The whirlwind, that is. The interesting truth about this port is that Bush own tactics are what's biting him on this issue. As Jess points out the Dubai owned company would not be handling security. That would continue to be handled by the coast guard and other US government people. They would be handling 'operations,' i.e. loading and unloading ships in the ports. You can also make the case that we should engage, and not shut out, Middle Eastern countries. These are good but subtle points. But Bush has spent the last four year sucking all the subtle distinctions out the debate over terrorism. Up till now Bush has considered everything other than the harshest of measure to be soft on terrorism. Any call for restraint with regard to civil liberties, torture, diplomacy, or really dumb military invasions has been branded appeasement and cowards that will kill us all. So now that Bush is trying to argue for a subtle, less harsh policy, all his supporters are breaking with him. From Daily Kos:
After years of pumping their fawning admirers full of terror and working as hard as they can to blur the distinction between regimes in the Middle East that had nothing to do with 9/11 and the people who did, the Bush Administration shouldn't be surprised that their supporters are unwilling or unable to objectively whip out the analytical razor-blade and expertly split hairs between a nation with direct links to 9/11 and Al Qaeda, and a company owned by that nation's government.

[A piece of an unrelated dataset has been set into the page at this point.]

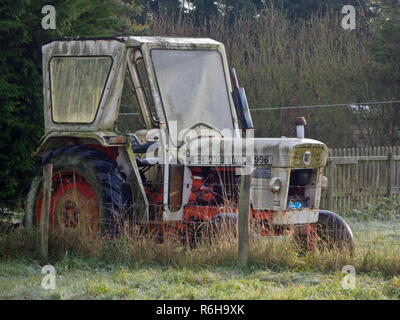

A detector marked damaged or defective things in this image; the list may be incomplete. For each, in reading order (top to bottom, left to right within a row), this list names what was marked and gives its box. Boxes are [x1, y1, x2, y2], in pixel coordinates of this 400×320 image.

Faced with that self created dilemma, the comically feeble Bush Administration talking point is that the everyday terrorist sympathizer will think better of us if we help further enrich a handful of obscenely wealthy oil Sheiks? Here's an idea for improving our image in the Arab World: Stop torturing Muslims. But either way, it's doubtful the zombie mob that Bush and Rove have spent the last five years shocking back to life care what the citizens of Muslim nations think about the United States.